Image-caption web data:
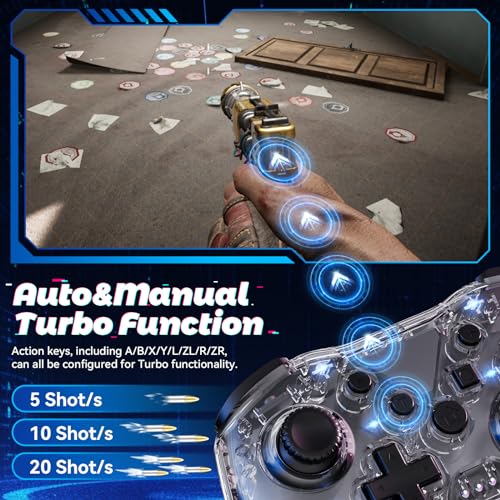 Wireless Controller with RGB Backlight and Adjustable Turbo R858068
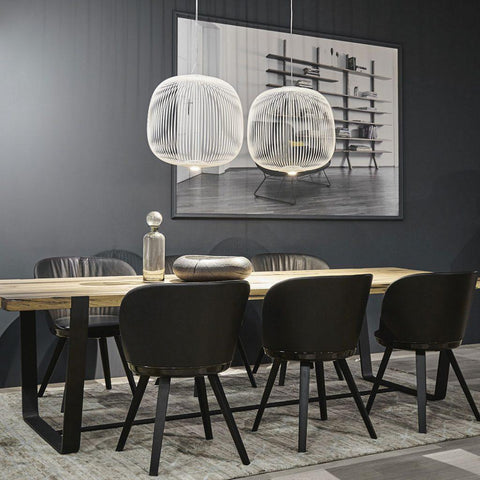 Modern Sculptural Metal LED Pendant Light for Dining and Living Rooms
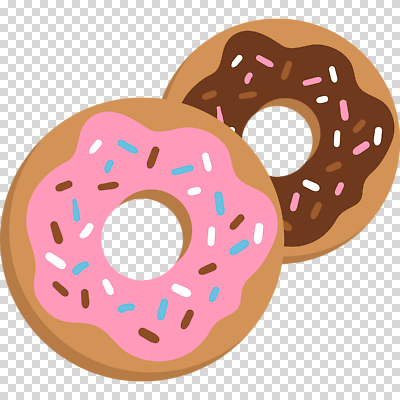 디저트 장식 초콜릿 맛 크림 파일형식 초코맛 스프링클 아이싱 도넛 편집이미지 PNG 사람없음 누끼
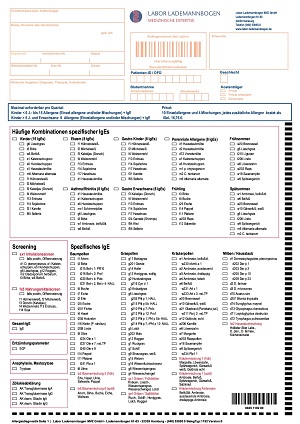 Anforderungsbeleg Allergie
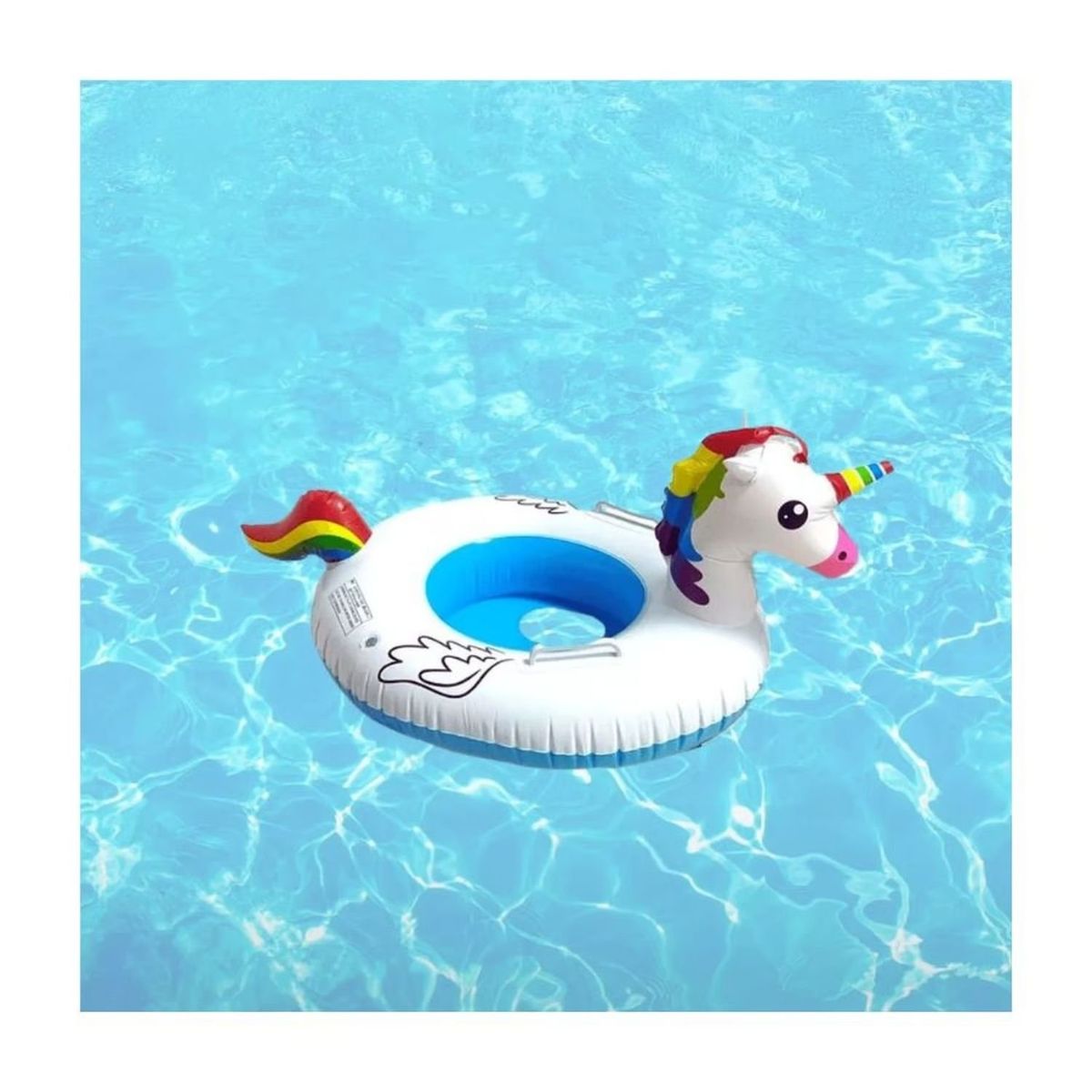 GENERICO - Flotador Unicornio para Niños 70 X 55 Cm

▶ Assigned task: Copy exactly the lines that run from the line containing "Anforderungsbeleg Allergie" to the end of the data, keeping both end lines and dropping every picture.

▶ Output below:
 Anforderungsbeleg Allergie
 GENERICO - Flotador Unicornio para Niños 70 X 55 Cm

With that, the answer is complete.